En cualquier caso, la democratización requiere hoy, con urgencia, una política social más activa o empezará a perder legitimidad.
La Conclusión.- En México al inicio del siglo XXI, tanto el gobierno como el ciudadano cuentan con un diagnóstico y con la identificación de vías de acción para que eche raíces en México la democracia. Hay, además, un epílogo que resume el consenso al que se llegó casi desde el momento en que se dio el cambio de régimen. De esos puntos destacan los siguientes: la necesidad de una nueva Constitución, de un consejo nacional de política exterior, de un servicio civil realmente profesional, la elección del Procurador por el Senado, el refuerzo del federalismo con recursos a estados y municipios, la autonomía para ciertos organismos estatales autónomos como el INEGI, la reapertura del tema de la autonomía indígena, etcétera.
Finalmente, en esa agenda —y en prácticamente cualquier otra que surja de un análisis de las posibilidades y debilidades de la democracia mexicana— está el enorme y profundo tema de los derechos económicos y sociales.
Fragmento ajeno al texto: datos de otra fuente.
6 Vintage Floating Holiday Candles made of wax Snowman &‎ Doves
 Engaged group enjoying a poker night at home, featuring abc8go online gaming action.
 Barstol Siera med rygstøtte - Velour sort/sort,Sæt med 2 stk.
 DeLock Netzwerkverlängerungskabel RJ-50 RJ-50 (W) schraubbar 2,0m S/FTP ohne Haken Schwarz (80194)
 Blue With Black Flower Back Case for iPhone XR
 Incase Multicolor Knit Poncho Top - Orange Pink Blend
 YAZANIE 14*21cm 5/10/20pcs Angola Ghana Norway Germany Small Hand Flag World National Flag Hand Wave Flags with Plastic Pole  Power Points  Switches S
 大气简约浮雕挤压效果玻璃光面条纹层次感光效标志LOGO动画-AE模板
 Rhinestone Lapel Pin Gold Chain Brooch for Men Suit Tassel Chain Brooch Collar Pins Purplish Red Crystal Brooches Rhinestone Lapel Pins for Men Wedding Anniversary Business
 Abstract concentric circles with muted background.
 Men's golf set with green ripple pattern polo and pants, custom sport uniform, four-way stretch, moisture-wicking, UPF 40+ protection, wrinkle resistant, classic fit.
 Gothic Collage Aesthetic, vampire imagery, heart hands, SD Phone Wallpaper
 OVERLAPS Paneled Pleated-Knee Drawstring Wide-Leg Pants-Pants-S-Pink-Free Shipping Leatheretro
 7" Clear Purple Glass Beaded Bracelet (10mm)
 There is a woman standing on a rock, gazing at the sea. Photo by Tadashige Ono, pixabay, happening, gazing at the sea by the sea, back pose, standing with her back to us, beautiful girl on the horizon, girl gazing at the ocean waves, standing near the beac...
La igualdad política de la democracia no es sostenible en el largo plazo en una sociedad con una economía estancada, como es nuestro caso, ni tampoco es sostenible en una sociedad con 53 por ciento de su población clasificada como pobre y que, además, continúa marchando hacia la profundización de la desigualdad social.
La revitalización del mercado interno y la reforma fiscal para dotar de mayores recursos a la política social, son dos medidas que urge tomar si el cambio político mexicano se ha de sobreponer a las resistencias autoritarias y fructificar en una sociedad más digna y justa.